This second volume followed in 1992 under the title No Priest but Love and takes place mainly in Paris during the Restoration of the Bourbon monarchy period. In an attempt to recover from her heartbreak over Mariana’s marriage, Anne stayed in Paris from the beginning of September 1824 until the end of the following March and revisited the city in autumn 1826. Set against a backdrop of political intrigue and cultural revival, Anne’s love affair with Maria Barlow provides an absorbing social and sexual drama, which not only brings Paris vividly to life but provides an astonishingly intimate insight into the explicit love life of two

women who became entangled in a compelling and complex relationship.

I made the decision to exclude some material which, although interesting and of historical importance, has been well documented elsewhere. For instance, Anne’s descriptions of the tourist sights in and around Paris cover the same ground as many other English diarists of the period who visited the city. It is only where I felt that Anne witnessed an event, rather than

a place, of historical importance that I have relaxed my rule: for example, the entry of Charles X into Paris to be proclaimed

the new king of France. I have also included instances where Anne’s observations were of particular interest or sharpness during her sightseeing expeditions, revealing certain aspects of her character.

Other deletions concern long and detailed accounts of work done on the Shibden estate when Anne returned from Paris as their inclusion isn’t relevant to the main theme of this book. I have, however, included sufficient material to indicate Anne’s altered lifestyle and degree of responsibility for managing the estate after her uncle died and she became the mistress of  Shibden Hall. The placing of the three- point ellipsis ( . . . ) in any part of an extract from the journal signals the deletion of the type of material outlined above and has also been used to delete repetitive material. I have used italics to distinguish the ‘crypthand’ passages from the ones written in ‘plainhand’.

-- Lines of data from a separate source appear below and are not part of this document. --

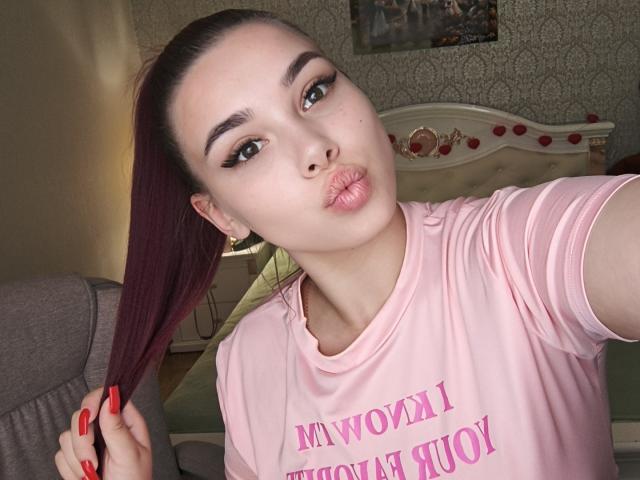 Niferttiti with puffy lips, holding her red-manicured hand in her maroon hair, wearing a pink shirt, has fair skin, green eyes, and a high-ponytail.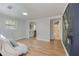 Bright living room featuring hardwood floors, natural light and openings to the kitchen and bathroom at 1786 Richard Ne Rd, Conyers, GA 30012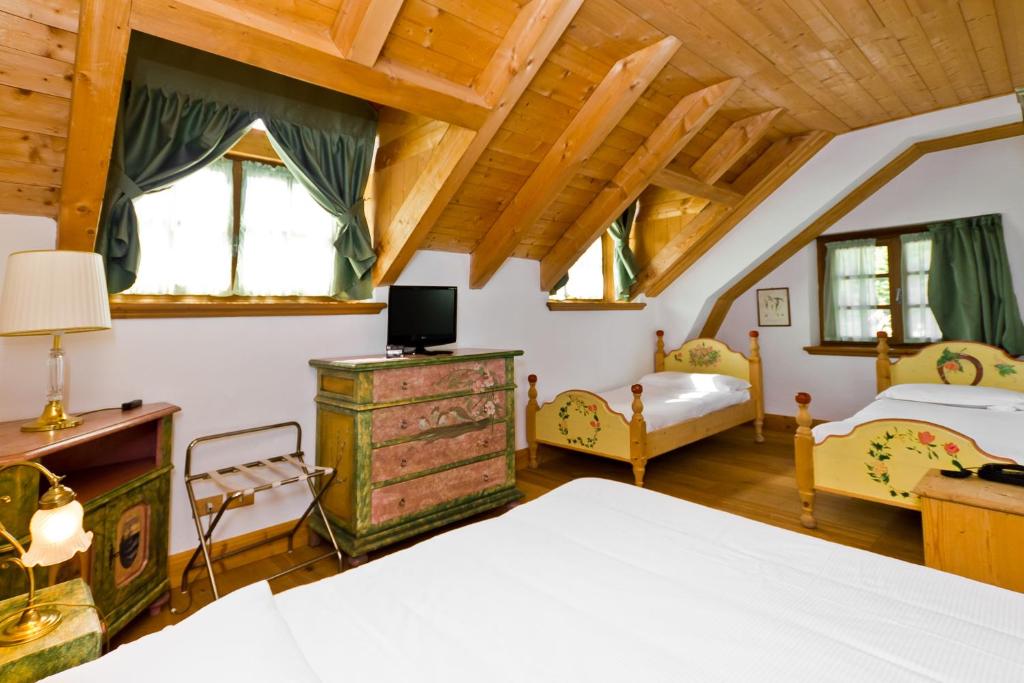 Postel nebo postele na pokoji v ubytování Hotel Edelhof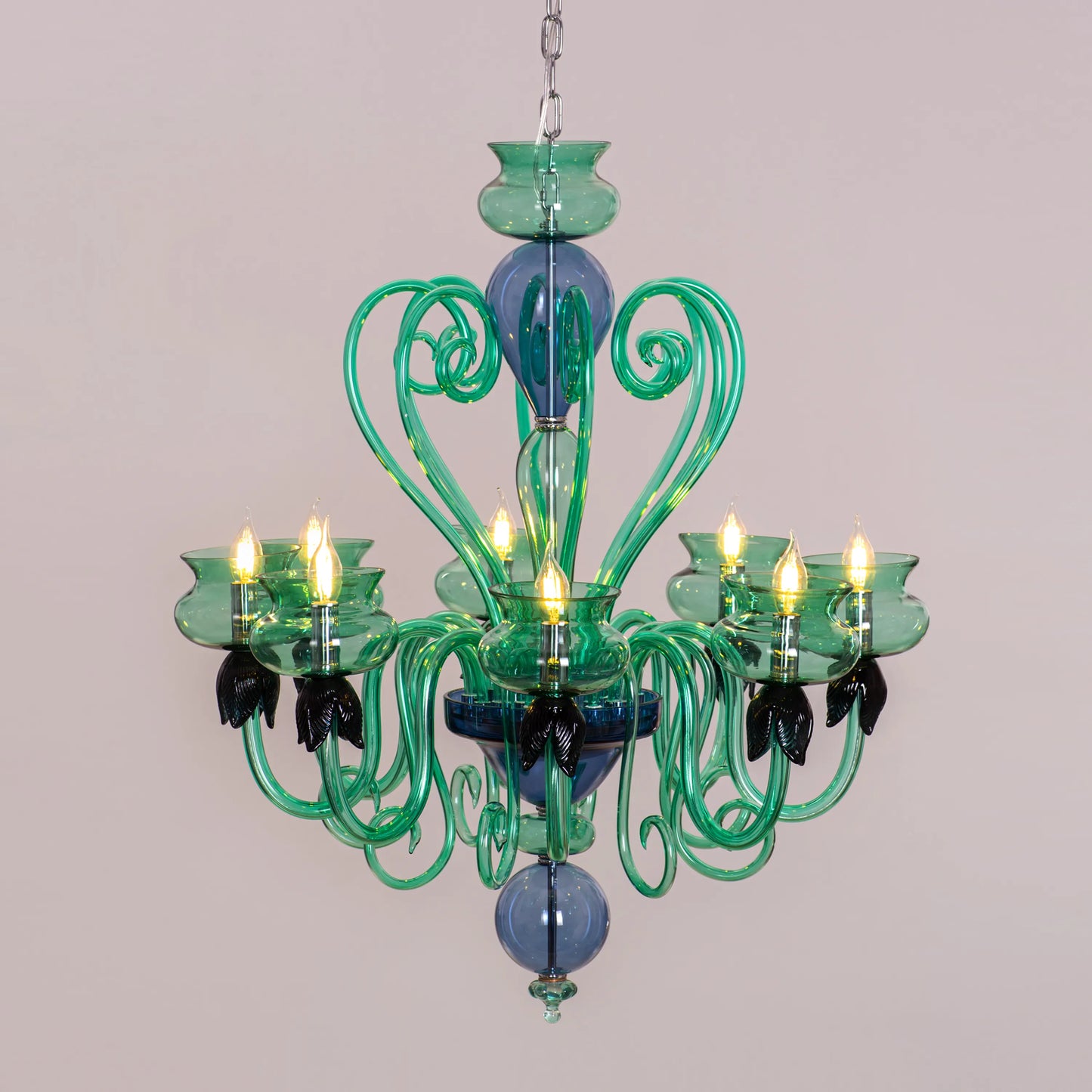 Kind To The Mind large green and blue clear glass chandelier illuminating a peaceful yoga studio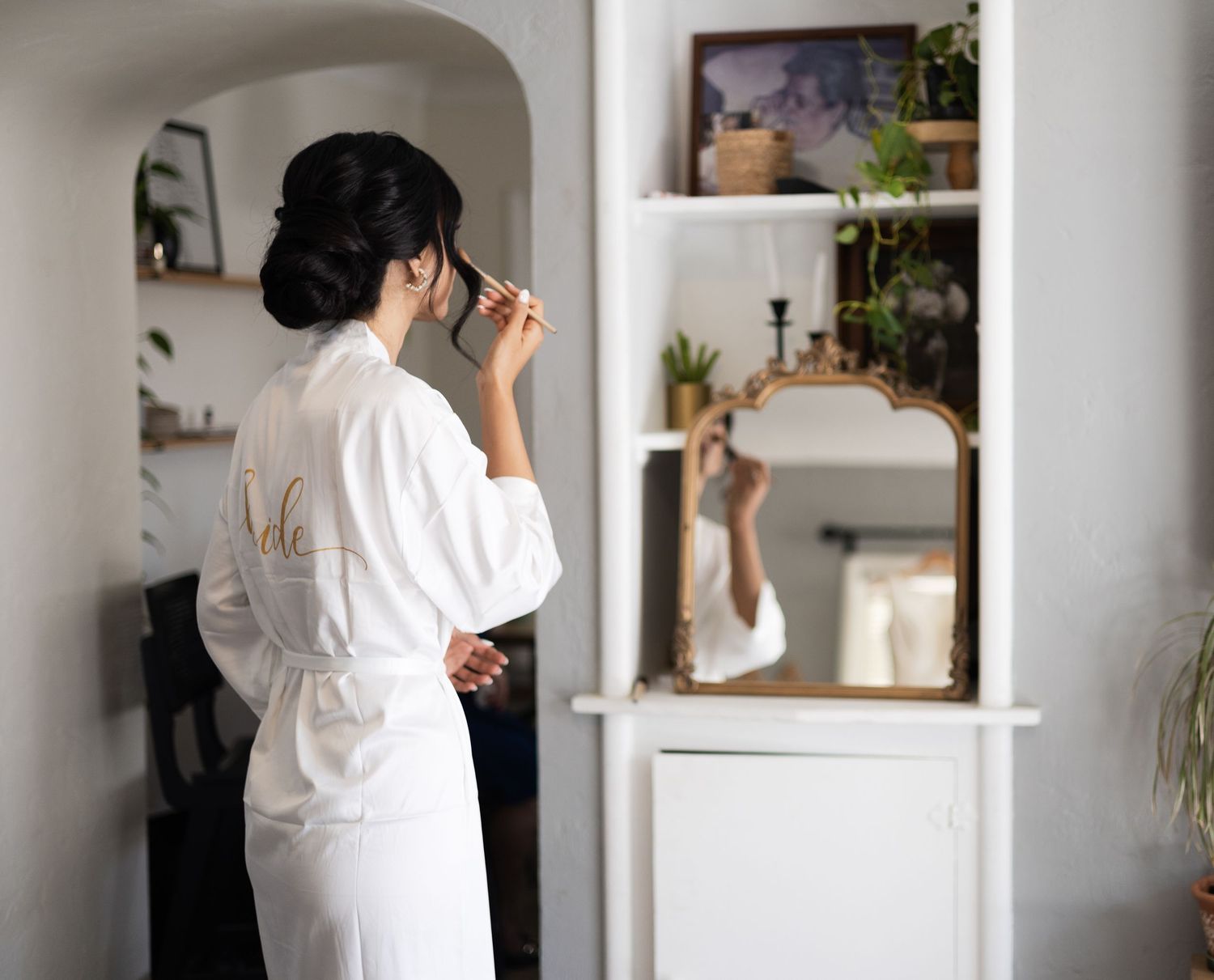 Interior view of modern room with white walls and decorative shelving.
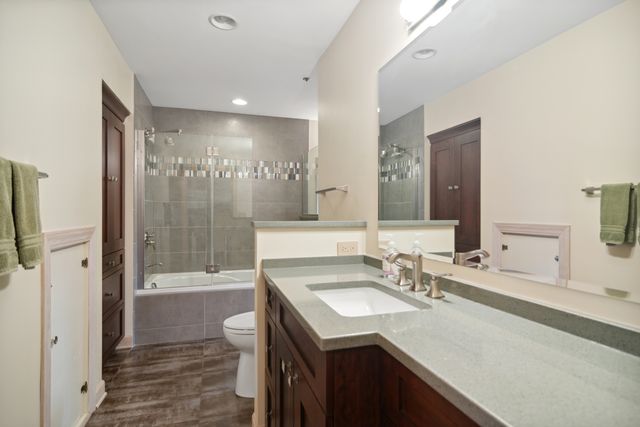 a bathroom with a sink double vanity granite tub and shower
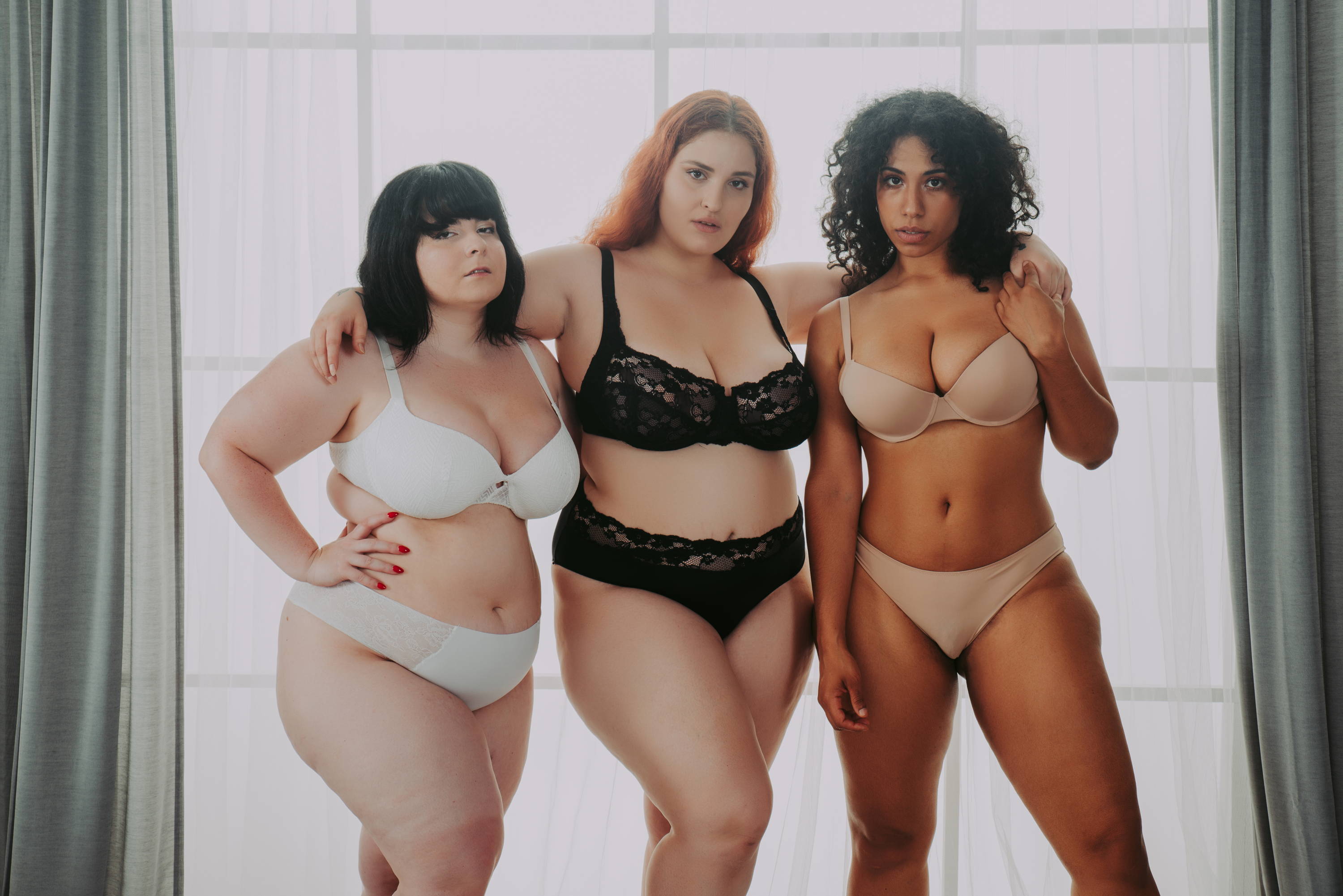 3 women in lingerie sets posing for a photo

Thirty- five years have elapsed since I began transcribing these diaries. Released from the obscurity of the archives, Anne Lister emerged as one of the most charismatic characters any historian could hope to find. Her life has been celebrated on stage and screen and she is now recognised as ‘the first modern lesbian’. Thousands of people from all over the world visit Shibden Hall and make a pilgrimage to Holy Trinity Church in York where Anne and her lover Ann Walker took the sacrament together to seal their union. In 2011 her monumental diaries were recognised by Unesco as a ‘pivotal document’ in British history and added to the register of the UNESCO Memory of the World Programme. The register citation notes that, while a valuable account of the times, it was the ‘comprehensive and painfully honest account of lesbian life and reflections on her nature, however, which have made these diaries unique. They have shaped and continue to shape the direction of UK Gender Studies and Women’s History.’ The diaries are now internationally known – their profound impact on many lives has made Anne Lister a global icon whose place in history is secured for posterity.